* **EXERCISE MATERIALS**
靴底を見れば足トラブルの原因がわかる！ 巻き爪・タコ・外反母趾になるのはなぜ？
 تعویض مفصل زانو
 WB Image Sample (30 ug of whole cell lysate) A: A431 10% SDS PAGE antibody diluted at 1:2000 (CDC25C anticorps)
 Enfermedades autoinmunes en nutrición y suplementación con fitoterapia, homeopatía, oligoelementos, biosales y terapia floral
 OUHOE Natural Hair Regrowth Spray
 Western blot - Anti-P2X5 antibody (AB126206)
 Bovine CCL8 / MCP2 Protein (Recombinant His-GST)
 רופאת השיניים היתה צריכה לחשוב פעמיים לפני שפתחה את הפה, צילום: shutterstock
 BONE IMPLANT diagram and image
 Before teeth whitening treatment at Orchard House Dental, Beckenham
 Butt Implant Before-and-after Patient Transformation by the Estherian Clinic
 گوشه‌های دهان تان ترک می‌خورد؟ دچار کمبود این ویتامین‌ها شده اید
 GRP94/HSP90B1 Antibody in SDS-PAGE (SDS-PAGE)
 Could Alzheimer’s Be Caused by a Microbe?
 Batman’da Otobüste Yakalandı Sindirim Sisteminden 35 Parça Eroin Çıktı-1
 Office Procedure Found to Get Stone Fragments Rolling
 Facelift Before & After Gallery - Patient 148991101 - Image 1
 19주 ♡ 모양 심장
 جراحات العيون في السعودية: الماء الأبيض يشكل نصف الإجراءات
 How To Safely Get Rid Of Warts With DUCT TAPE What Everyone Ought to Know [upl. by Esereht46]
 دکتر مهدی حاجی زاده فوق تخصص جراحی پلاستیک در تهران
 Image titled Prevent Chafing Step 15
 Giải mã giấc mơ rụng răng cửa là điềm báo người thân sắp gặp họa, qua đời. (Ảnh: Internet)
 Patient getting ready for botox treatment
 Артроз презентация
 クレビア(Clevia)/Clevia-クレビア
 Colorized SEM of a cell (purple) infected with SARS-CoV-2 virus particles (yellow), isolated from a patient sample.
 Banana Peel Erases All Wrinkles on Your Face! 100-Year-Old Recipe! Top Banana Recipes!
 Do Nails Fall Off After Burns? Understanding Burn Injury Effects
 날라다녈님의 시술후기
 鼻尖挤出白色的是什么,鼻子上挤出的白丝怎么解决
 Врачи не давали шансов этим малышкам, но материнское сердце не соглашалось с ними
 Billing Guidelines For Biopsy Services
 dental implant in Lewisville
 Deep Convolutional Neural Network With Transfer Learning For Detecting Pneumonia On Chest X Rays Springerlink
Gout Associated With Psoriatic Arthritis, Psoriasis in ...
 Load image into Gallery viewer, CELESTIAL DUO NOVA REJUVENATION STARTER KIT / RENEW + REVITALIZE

* **DIRECTIONS FOR THIS TASK**
Everything in the data above must be restated verbatim.

* **EXPECTED OUTPUT**
靴底を見れば足トラブルの原因がわかる！ 巻き爪・タコ・外反母趾になるのはなぜ？
 تعویض مفصل زانو
 WB Image Sample (30 ug of whole cell lysate) A: A431 10% SDS PAGE antibody diluted at 1:2000 (CDC25C anticorps)
 Enfermedades autoinmunes en nutrición y suplementación con fitoterapia, homeopatía, oligoelementos, biosales y terapia floral
 OUHOE Natural Hair Regrowth Spray
 Western blot - Anti-P2X5 antibody (AB126206)
 Bovine CCL8 / MCP2 Protein (Recombinant His-GST)
 רופאת השיניים היתה צריכה לחשוב פעמיים לפני שפתחה את הפה, צילום: shutterstock
 BONE IMPLANT diagram and image
 Before teeth whitening treatment at Orchard House Dental, Beckenham
 Butt Implant Before-and-after Patient Transformation by the Estherian Clinic
 گوشه‌های دهان تان ترک می‌خورد؟ دچار کمبود این ویتامین‌ها شده اید
 GRP94/HSP90B1 Antibody in SDS-PAGE (SDS-PAGE)
 Could Alzheimer’s Be Caused by a Microbe?
 Batman’da Otobüste Yakalandı Sindirim Sisteminden 35 Parça Eroin Çıktı-1
 Office Procedure Found to Get Stone Fragments Rolling
 Facelift Before & After Gallery - Patient 148991101 - Image 1
 19주 ♡ 모양 심장
 جراحات العيون في السعودية: الماء الأبيض يشكل نصف الإجراءات
 How To Safely Get Rid Of Warts With DUCT TAPE What Everyone Ought to Know [upl. by Esereht46]
 دکتر مهدی حاجی زاده فوق تخصص جراحی پلاستیک در تهران
 Image titled Prevent Chafing Step 15
 Giải mã giấc mơ rụng răng cửa là điềm báo người thân sắp gặp họa, qua đời. (Ảnh: Internet)
 Patient getting ready for botox treatment
 Артроз презентация
 クレビア(Clevia)/Clevia-クレビア
 Colorized SEM of a cell (purple) infected with SARS-CoV-2 virus particles (yellow), isolated from a patient sample.
 Banana Peel Erases All Wrinkles on Your Face! 100-Year-Old Recipe! Top Banana Recipes!
 Do Nails Fall Off After Burns? Understanding Burn Injury Effects
 날라다녈님의 시술후기
 鼻尖挤出白色的是什么,鼻子上挤出的白丝怎么解决
 Врачи не давали шансов этим малышкам, но материнское сердце не соглашалось с ними
 Billing Guidelines For Biopsy Services
 dental implant in Lewisville
 Deep Convolutional Neural Network With Transfer Learning For Detecting Pneumonia On Chest X Rays Springerlink
Gout Associated With Psoriatic Arthritis, Psoriasis in ...
 Load image into Gallery viewer, CELESTIAL DUO NOVA REJUVENATION STARTER KIT / RENEW + REVITALIZE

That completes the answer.